I don’t see the Montreal cops doing the massive enforcement that an effective carpool lane program needs. That swiftly flowing lane presents a massive temptation to drivers sitting in gridlock without the required number of passengers. Montreal drivers do not handle temptation well. There has to be a very real possibility of a $500+ fine to keep people out of that lane. This means it has to be possible to pull cars over and write tickets during peak traffic without making things even worse.
walkerp 13:13 on 2020-01-14 Permalink
These comments are all too depressingly accurate. Some things really are insanely backwards here. I don’t drive on the regular so never really realized that there aren’t HOV lanes here. This is the equivalent of not having garbage cans where you sort by type. Dark ages, man.

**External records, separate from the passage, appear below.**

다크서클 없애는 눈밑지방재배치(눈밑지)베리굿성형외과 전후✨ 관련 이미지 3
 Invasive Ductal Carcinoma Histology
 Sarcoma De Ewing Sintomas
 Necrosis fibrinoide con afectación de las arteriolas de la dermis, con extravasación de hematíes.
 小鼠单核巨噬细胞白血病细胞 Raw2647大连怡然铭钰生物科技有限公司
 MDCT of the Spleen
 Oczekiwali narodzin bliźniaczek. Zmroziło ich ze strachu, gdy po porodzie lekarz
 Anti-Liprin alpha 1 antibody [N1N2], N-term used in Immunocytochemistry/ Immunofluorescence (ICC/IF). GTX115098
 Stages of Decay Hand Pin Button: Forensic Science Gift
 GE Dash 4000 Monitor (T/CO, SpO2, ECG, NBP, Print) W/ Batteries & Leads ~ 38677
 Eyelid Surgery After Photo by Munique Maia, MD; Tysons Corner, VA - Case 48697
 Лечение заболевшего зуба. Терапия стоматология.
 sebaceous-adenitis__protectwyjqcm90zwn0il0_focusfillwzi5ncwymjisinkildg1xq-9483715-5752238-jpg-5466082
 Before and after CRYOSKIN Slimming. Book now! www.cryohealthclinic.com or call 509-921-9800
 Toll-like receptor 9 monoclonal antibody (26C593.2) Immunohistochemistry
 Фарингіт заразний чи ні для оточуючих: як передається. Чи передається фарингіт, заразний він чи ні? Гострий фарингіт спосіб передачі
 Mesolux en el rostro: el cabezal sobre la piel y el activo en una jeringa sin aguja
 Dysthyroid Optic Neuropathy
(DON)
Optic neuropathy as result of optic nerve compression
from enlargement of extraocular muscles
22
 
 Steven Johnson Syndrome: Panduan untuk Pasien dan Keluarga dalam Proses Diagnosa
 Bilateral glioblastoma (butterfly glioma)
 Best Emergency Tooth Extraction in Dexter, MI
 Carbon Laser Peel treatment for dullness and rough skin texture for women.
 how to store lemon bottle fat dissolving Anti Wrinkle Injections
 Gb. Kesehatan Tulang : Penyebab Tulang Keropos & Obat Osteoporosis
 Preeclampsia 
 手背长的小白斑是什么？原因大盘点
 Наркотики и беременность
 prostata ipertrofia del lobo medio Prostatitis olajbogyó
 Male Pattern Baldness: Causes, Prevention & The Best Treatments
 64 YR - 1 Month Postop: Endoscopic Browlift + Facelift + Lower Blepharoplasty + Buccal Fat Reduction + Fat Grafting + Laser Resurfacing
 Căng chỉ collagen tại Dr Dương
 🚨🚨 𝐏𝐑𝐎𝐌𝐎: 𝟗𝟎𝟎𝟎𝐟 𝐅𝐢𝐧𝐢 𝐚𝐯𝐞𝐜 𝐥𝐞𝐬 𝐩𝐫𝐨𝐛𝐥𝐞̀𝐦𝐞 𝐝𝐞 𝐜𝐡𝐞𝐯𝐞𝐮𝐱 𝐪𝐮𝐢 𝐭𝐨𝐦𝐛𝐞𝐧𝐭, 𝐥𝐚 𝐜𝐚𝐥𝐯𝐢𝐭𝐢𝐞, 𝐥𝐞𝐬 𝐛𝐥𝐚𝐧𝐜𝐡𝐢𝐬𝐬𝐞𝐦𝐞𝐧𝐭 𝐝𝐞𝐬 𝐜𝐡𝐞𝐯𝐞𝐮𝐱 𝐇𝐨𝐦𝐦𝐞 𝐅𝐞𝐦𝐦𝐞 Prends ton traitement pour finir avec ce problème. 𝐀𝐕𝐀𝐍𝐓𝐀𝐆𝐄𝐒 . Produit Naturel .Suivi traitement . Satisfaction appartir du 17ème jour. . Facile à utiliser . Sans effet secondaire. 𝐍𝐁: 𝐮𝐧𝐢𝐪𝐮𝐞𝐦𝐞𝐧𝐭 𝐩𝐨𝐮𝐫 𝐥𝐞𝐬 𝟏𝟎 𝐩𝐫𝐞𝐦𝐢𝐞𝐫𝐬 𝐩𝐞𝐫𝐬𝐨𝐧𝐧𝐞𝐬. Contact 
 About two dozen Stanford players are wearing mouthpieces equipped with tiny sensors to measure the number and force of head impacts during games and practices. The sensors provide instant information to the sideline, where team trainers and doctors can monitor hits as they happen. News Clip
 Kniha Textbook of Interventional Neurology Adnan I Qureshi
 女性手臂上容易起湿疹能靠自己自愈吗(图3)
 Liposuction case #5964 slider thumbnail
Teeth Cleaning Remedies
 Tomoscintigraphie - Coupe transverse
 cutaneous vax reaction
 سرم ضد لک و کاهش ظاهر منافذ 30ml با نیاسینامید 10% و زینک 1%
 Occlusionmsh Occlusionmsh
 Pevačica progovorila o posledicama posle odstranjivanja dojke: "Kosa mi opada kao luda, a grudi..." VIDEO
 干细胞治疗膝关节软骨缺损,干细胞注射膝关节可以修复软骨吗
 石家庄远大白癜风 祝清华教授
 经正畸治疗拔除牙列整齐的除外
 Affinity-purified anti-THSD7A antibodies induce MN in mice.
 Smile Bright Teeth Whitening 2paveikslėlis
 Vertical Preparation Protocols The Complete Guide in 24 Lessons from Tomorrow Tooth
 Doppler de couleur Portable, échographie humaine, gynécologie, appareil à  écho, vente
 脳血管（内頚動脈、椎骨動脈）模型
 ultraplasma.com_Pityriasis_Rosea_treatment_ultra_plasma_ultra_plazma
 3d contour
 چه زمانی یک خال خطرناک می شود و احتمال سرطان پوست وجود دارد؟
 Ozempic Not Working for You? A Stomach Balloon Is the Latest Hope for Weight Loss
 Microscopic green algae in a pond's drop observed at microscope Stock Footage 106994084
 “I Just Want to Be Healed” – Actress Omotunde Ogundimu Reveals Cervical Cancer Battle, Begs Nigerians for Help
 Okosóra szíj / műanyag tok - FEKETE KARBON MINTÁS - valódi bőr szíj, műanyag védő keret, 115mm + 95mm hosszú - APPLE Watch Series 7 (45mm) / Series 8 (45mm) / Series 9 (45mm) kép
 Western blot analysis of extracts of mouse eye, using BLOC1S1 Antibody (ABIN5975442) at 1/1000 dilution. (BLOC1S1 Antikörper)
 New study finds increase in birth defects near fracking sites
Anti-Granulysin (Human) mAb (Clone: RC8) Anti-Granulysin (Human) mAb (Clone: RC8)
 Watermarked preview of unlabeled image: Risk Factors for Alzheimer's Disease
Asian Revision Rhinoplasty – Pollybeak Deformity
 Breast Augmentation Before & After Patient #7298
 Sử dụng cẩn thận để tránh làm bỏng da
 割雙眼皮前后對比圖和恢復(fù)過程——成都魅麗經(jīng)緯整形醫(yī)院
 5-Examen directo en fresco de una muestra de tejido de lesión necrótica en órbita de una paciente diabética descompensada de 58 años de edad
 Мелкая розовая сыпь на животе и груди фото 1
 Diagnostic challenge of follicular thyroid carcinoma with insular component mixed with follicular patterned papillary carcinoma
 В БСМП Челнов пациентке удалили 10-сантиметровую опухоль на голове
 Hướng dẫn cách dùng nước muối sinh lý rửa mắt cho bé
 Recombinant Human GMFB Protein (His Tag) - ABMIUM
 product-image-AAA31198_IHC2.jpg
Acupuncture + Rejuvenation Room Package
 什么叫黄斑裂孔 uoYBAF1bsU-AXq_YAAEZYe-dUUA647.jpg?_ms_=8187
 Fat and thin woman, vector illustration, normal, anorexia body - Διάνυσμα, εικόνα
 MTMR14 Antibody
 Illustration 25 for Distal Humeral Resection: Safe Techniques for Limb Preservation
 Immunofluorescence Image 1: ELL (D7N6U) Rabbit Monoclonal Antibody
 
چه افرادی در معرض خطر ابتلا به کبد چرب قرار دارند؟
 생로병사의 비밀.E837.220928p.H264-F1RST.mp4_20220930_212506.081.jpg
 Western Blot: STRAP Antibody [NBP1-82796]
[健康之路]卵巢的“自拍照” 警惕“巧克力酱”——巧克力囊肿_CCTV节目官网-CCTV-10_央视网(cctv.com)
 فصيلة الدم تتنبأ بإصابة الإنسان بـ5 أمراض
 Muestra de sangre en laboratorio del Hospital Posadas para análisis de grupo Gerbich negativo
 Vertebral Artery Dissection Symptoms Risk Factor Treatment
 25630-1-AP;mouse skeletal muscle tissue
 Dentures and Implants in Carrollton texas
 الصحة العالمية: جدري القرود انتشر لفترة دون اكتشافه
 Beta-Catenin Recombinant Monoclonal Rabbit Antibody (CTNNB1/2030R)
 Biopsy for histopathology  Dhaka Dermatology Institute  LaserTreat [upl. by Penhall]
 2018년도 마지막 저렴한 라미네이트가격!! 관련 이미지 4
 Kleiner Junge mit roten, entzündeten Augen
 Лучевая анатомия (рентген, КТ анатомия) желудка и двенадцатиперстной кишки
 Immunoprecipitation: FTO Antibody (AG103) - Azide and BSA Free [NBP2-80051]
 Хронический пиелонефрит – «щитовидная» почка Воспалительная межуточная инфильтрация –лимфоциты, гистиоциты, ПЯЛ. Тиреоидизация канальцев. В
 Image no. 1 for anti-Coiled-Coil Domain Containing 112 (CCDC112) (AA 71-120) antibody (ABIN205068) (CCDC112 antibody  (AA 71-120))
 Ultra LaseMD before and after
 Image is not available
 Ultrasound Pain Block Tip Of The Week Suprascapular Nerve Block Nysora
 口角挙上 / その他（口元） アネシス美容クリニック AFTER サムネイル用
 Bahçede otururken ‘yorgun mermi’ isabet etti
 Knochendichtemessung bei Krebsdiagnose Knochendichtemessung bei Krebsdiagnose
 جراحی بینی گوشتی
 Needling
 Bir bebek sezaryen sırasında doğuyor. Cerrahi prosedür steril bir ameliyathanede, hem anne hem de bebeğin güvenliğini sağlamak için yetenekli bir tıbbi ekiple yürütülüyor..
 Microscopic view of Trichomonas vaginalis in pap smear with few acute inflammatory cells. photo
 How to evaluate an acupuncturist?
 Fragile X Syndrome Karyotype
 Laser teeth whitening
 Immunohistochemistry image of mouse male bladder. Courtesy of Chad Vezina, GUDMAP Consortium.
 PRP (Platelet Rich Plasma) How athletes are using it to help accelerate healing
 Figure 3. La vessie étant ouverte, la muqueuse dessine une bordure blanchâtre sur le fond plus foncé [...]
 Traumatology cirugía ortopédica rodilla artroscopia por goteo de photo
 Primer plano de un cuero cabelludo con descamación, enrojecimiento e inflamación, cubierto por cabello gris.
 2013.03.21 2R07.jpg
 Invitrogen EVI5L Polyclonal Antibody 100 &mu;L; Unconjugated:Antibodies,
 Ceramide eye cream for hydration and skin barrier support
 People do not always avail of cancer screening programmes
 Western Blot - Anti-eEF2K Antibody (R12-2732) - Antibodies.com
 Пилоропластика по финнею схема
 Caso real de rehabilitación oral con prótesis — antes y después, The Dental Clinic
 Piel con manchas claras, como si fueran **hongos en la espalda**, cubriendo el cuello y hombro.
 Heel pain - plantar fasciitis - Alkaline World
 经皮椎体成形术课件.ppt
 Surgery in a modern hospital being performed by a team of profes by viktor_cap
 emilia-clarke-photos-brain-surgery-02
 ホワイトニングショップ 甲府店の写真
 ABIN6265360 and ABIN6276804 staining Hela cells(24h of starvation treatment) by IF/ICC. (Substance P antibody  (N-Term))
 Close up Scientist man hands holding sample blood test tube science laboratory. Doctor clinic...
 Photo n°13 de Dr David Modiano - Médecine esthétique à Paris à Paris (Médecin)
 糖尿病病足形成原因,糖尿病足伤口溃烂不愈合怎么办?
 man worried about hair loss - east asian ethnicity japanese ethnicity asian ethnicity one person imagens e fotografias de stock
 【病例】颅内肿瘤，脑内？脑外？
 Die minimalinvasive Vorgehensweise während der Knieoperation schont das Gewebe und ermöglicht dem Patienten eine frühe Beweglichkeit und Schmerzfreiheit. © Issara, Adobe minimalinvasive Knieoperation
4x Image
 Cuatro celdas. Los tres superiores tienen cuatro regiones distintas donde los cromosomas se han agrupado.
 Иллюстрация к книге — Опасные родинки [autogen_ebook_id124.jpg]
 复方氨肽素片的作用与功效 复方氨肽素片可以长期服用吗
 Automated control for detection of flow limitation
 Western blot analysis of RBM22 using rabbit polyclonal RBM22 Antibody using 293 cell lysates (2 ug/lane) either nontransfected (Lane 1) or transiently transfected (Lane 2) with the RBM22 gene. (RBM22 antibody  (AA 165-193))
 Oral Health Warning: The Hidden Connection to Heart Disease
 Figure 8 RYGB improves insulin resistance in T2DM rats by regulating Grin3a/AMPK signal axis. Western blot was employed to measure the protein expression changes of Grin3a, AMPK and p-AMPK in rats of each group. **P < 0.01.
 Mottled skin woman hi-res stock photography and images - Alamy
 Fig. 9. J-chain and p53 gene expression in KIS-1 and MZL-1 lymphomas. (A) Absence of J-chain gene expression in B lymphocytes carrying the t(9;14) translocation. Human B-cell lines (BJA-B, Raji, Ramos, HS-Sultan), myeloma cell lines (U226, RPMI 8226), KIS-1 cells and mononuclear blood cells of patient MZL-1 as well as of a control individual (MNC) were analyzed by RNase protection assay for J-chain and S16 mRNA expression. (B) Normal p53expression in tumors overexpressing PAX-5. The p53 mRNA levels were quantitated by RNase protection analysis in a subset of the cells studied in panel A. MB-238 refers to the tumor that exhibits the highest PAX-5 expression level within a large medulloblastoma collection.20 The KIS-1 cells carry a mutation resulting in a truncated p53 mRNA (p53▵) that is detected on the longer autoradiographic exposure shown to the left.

Kate 14:47 on 2020-01-14 Permalink
Blork, hilarious genius comment.
Ephraim 15:02 on 2020-01-14 Permalink
A camera enforcement system… working or not… would be a great deterrent. About a camera every 100m or so. Heck, if you do mail people the tickets, you could likely pay for a new roof on the stadium just from those tickets.
mare 17:56 on 2020-01-14 Permalink
There are carpool lanes in Quebec. I know at least one in on the 15 North in Laval. No idea how/if they enforce it, probably by cop cars running after you.
Ian 19:47 on 2020-01-14 Permalink
Also on the 20 and on Sources. This is a not a new issue or solution, just the idea of the city sticking its fingers in that pie is new. Like Blork I have my doubts.
John B 09:59 on 2020-01-15 Permalink
I believe strong enforcement and a requirement for 3+ people have been identified as factors in making Slugging a thing in Washington.
As for enforcement, there has been at least some of the Montreal-area ones.
Michael Black 10:07 on 2020-01-15 Permalink
At one point, reserved lanes here didn’t have much limitation. So a taxi was allowed if there was a passenger. It made no sense, and I wrote Richard Holden at the time, and the fact that I never got an answer made me dismiss his value as an MNA.
I don’t know if that’s changed.
Ian 11:30 on 2020-01-15 Permalink
Taxis are definitely allowed if they have a fare. The lane on the 20 seems to be mostly full of cabs bringing fares into town from the airport whenever I’m around there. I only carpool with one passenger as our schedules match up which isn’t always the case in my line of work, so we can’t go in the reserved lane but whatever, the traffic’s not that bad at the time of day we are there.